Ahead of the special session, activists from the conservative group Americans for Prosperity have demonstrated outside Mr. Peace’s office in Mechanicsville, trying to pressure him to change his mind.

He dismissed them as remnants of the Tea Party movement straining to remain relevant. “Half are 60-plus gray-haired white men who hate Obama,” he said.

Mr. Peace said there was little question that November’s ballot wave changed the minds of Republicans in the House, who he said wanted to get Medicaid expansion off the table as a political issue before the midterm elections this year and the next round of legislative elections in 2019.

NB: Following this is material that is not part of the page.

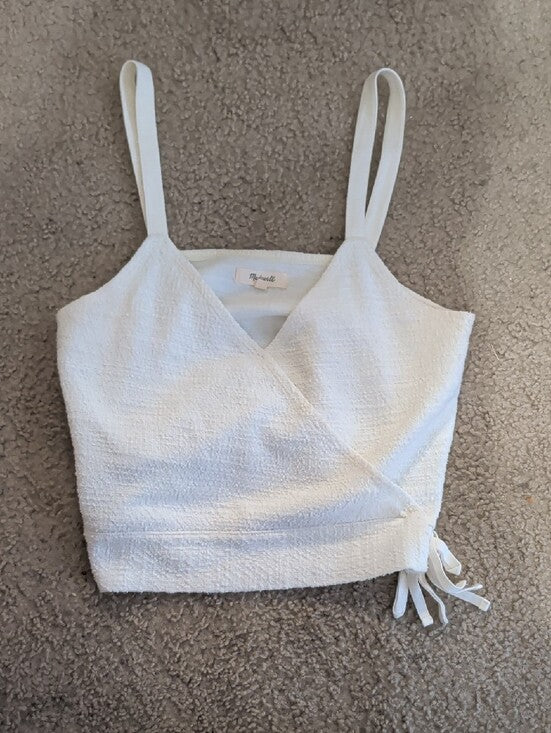 Madewell Cream Wrap-Style Textured Camisole Women's Small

Senate Republicans opposed to expansion risk being swept from office next year, Mr. Peace said: “They haven’t seen the wave that has come everywhere.”

Just as conservative activists have targeted Mr. Peace, liberal door-knockers are pressuring State Senator Siobhan Dunnavant, a Republican expansion opponent, whose suburban Richmond district was carried by Hillary Clinton in 2016.

Dr. Dunnavant, an obstetrician-gynecologist, said that she cared about improving public health and stabilizing the costs, but that expanding Medicaid would accomplish neither.

“You don’t fix health care by throwing money at it,” she said. “You fix health care by using evidence-based programs and having them accountable.”